Do you have any leads?
What is your complexion? - I ask this meaning NO offense, but the whiter we might be, in certain parts of Brazil attracts more attention. - Especially if one doesn't speak Portuguese.

Come down here with an empty suitcase (except for a change of clothes,) then buy local stuff, to at least 'fit in'.

I liked Pernambuco in general, but I was there in 1994/95, so much might have changed?

Check out "Porto de Galinhas".


----------



## Vivaed

I'm trying to stay as close to Recife as I can.

The missionaries that help my parent find me are still living in the area, so I have that.
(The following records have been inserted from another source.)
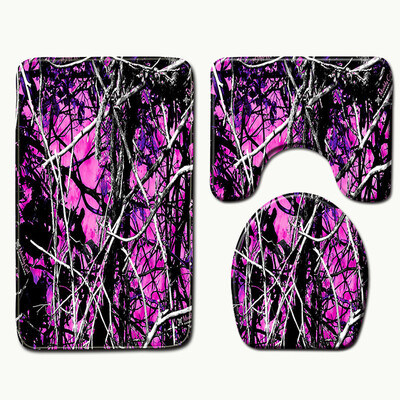 

〖Follure〗3pcs Non-Slip Bath Mat Bathroom Kitchen Carpet Doormats Decor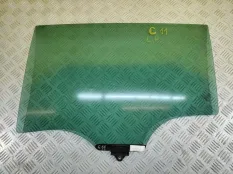 Стекло двери задней левой Nissan Navara (D40) 2004-2015 2007 2.5 D YD25DDTI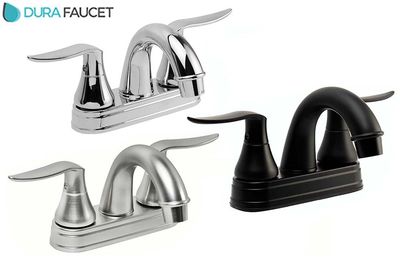ELEGANT ARC SPOUT LAVATORY FAUCET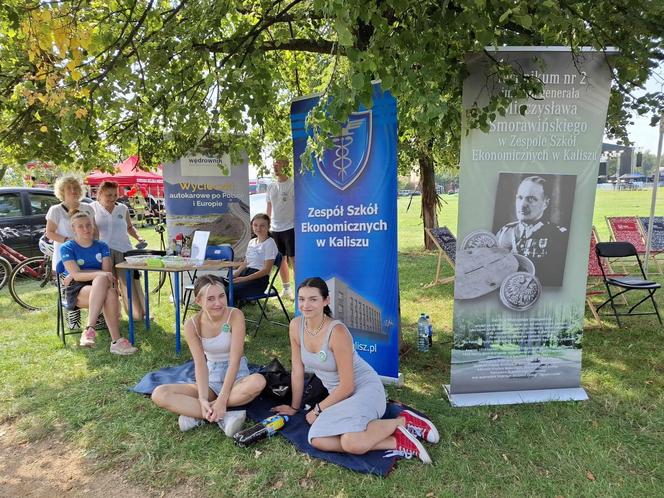 Kalisz. Piknik edukacyjny na zakończenie wakacji 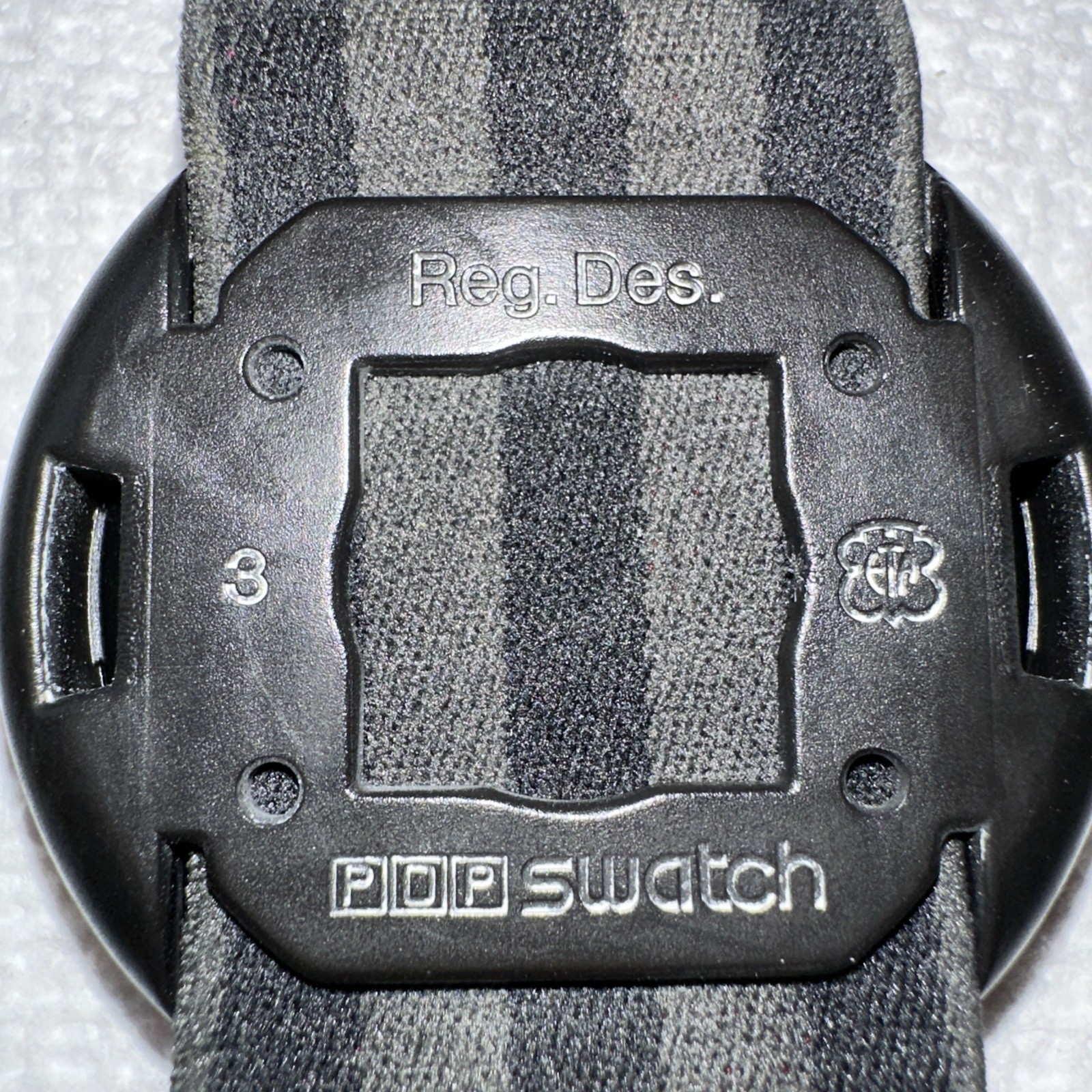 1989 Ting-A-Ling Rasta Pop Swatch Watch Rare on Original Strap Swatch PWBB125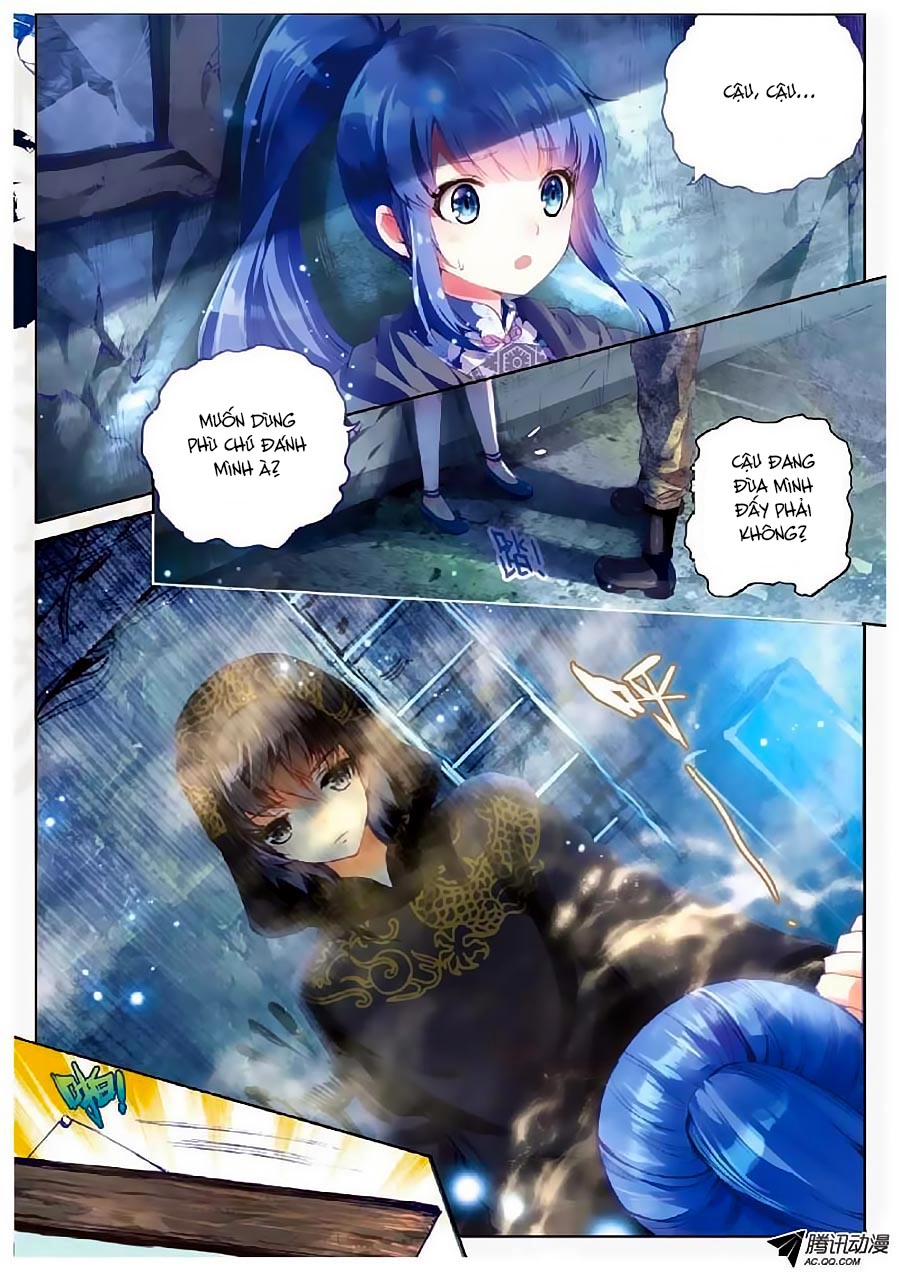 Sóc Nguyệt Chap 2 - Next Chap 3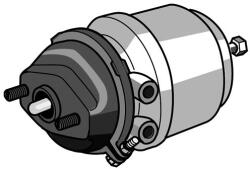 Knorr-bremse kombinált fékhenger KNORR-BREMSE K002861N00 for DAIMLER, DAF, SCANIA, SISU, … (K002861N00)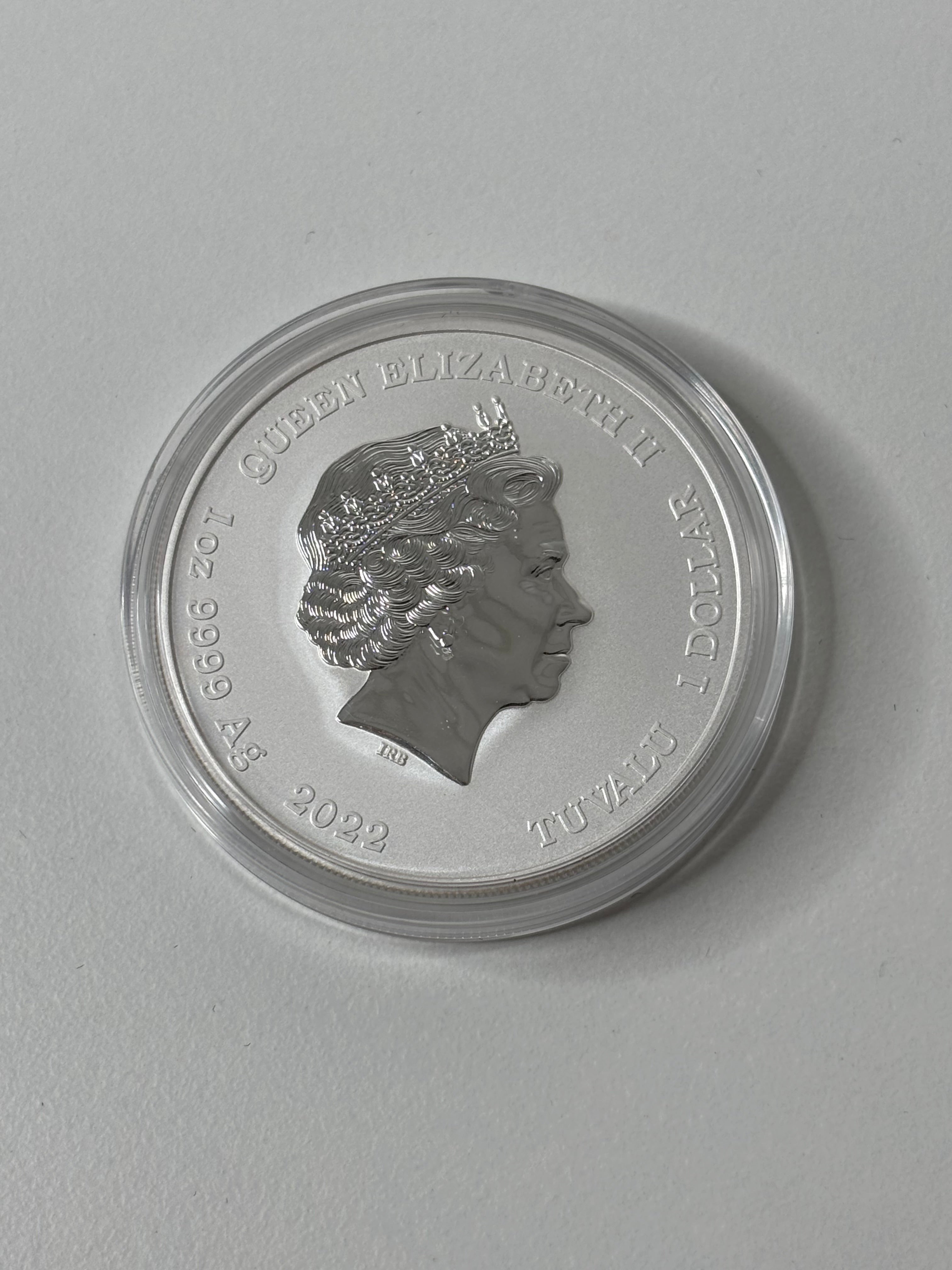 1 oz Silver Coin - James Bond 007™ - Color - 2022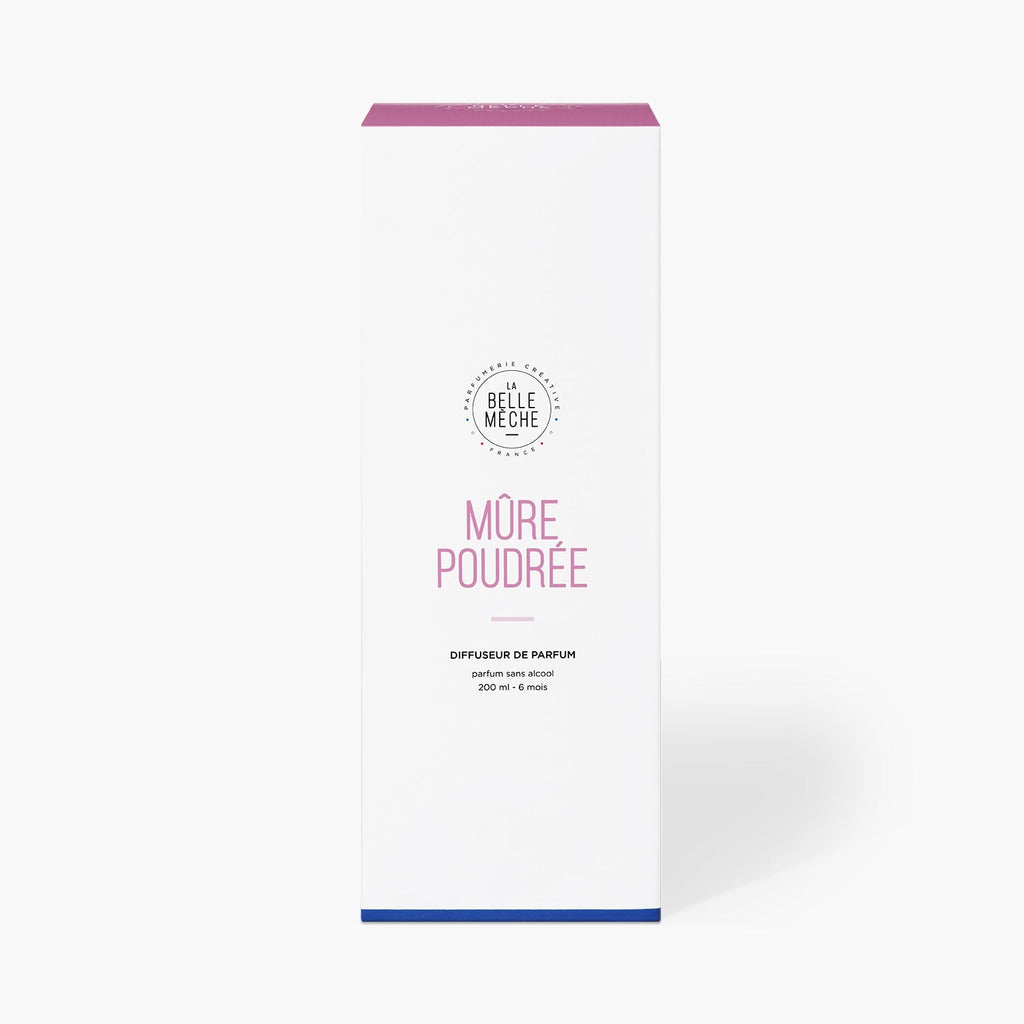 Diffuseur Mûre Poudrée - La Belle Mèche
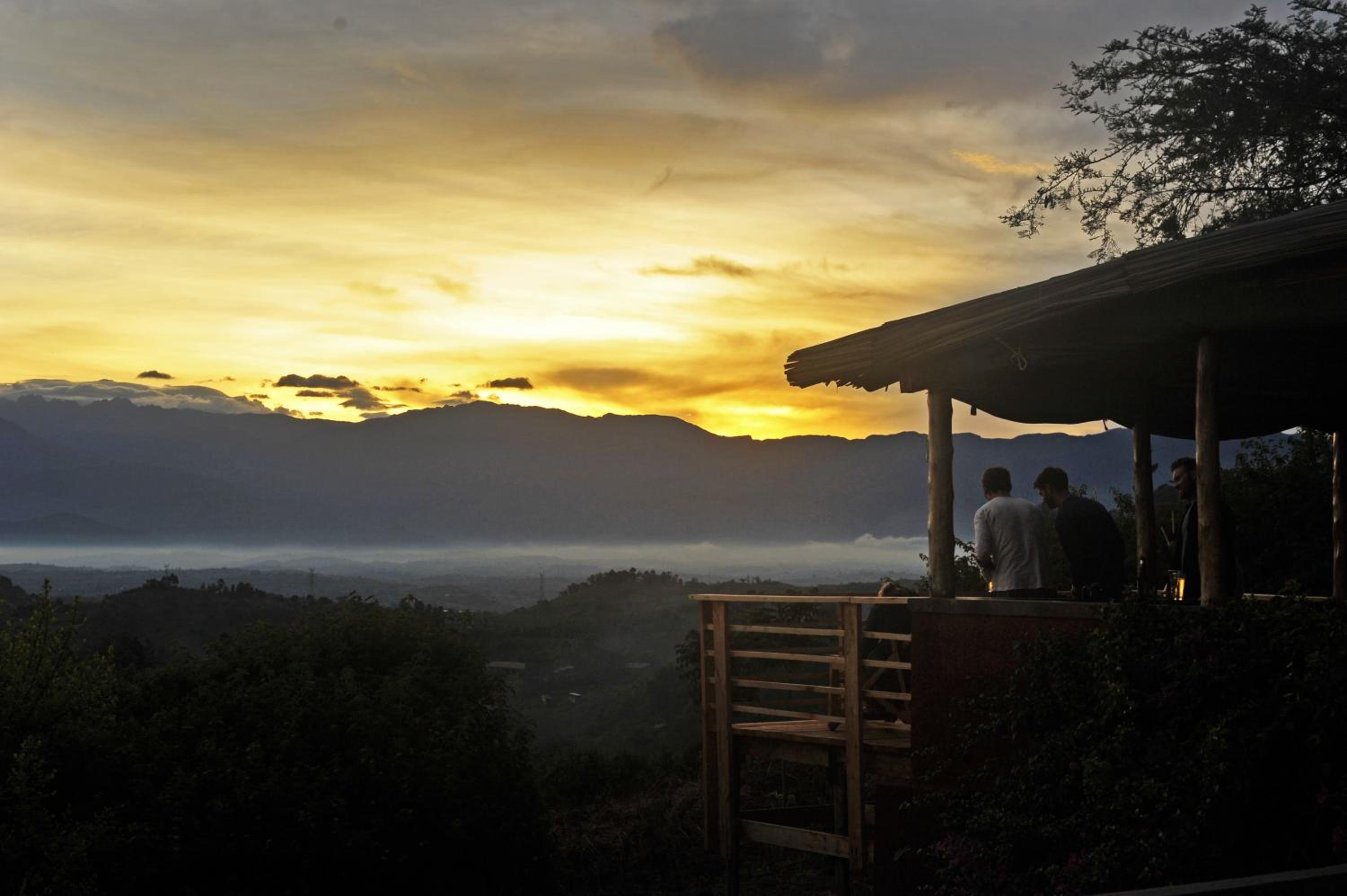 Isunga Lodge view 2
I've been using Duolingo (Mobile app on Android and iOS) to learn as much Portuguese as I can before I leave.


----------



## AnthonyRMC

Judging by your photo, you will fit in fine.
Good luck to you sir.


----------



## warlock233

Good luck!
Come back to tell us how it goes


----------



## Vivaed

I had dinner the other night with the daughter of the missionaries that helped adopt me in 1984, her name is Adriana- she will be teaching me Portuguese 1 on 1 for the rest of the time that I will be in the US.

She told me that I was welcome to stay with her parents in Recife. I am super excited now that I have someone to show me around and what to do and what not to do lol


----------



## AnthonyRMC

That is good news indeed.

Just a word of caution.
You have obvious connections with missionaries, who are fine people of course, but once you are away from them, - be aware.
Seriously, Brazil is a dangerous place, and although you are a Brazilian, and will arrive here speaking some reasonable Portuguese hopefully, your accent will give you away in an instant.


----------



## warlock233

Yes, and on top of the that, there has been a lot of protests and other things going on. The police was on strike last week and there were several crimes happening around the whole city.
Try to learn as much as you can from the missionaries (such as where to go and not go, what times, etc) and try to make some local friends. As long as you have someone you can trust with you, you should be fine.
You shouldn't be paranoid, but you really need to be cautious.


----------